Ainda assim, o sub-imperialismo às vezes leva a política imperialista para outra região. Mas se trata de algo secundário, ainda que a burguesia nacional, no no campo do seu território, compense essa depreciação no campo da política internacional.
Trata-se, de fato, de um voo de uma ave de rapina que almejava se consolidar no plano internacional. Lula reiteradamente diz, como esta semana na entrevista que ele deu à Folha de S.Paulo [em março de 2018], que os governos do PT eram aqueles que se propunham à conciliação e que burguesia e proletariado ganharam.
A relação do Brasil no campo internacional: essa frase é muito a lapidar, pois alguns preços precisavam ser pagos para o Brasil se inserir na nova ordem mundial e transitar para se tornar em décadas uma potência, a ponto de ocupar uma cadeira de Segurança no Conselho da ONU. Ela é muito importante. E os pedágios têm a ver com o Haiti e com certos empréstimos feitos internacionalmente.

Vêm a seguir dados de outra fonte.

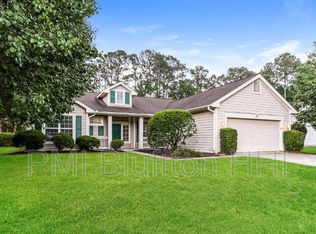10 Raymond Rd, Bluffton, SC 29909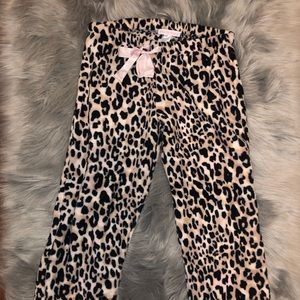 Pillow Talk Fleece Pajama Pants Leopard Large NWOT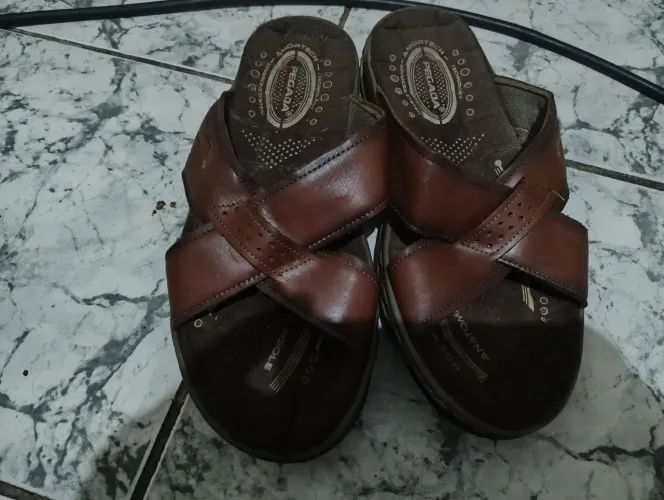 Vendo sandália pegada masculina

Mesmo assim, a gente pode ressaltar uma menor interferência, principalmente nas primeiras gestões petistas, sobretudo na segunda, do FMI [Fundo Monetário Internacional], mas essa transição não poderia ser tão abrupta diante da proposta do PT. Então, a dependência crônica internacional existiu, mas o PT deu as mãos para a burguesia nacional para tentar consolidar um projeto de desenvolvimento. Você tem de jogar o jogo para tocar um projeto de calibre, mesmo com todas as contradições que isso representa, e o PT fez isso muito bem.
Em âmbito internacional, os governos do PT tiveram postura mais incisiva e agressiva, e isso postulou o legado da burguesia nacional internacionalizada, assim como a ação político-militar para se projetar enquanto não apenas como um país emergente, mas com credenciais para tornar-se um país desenvolvido.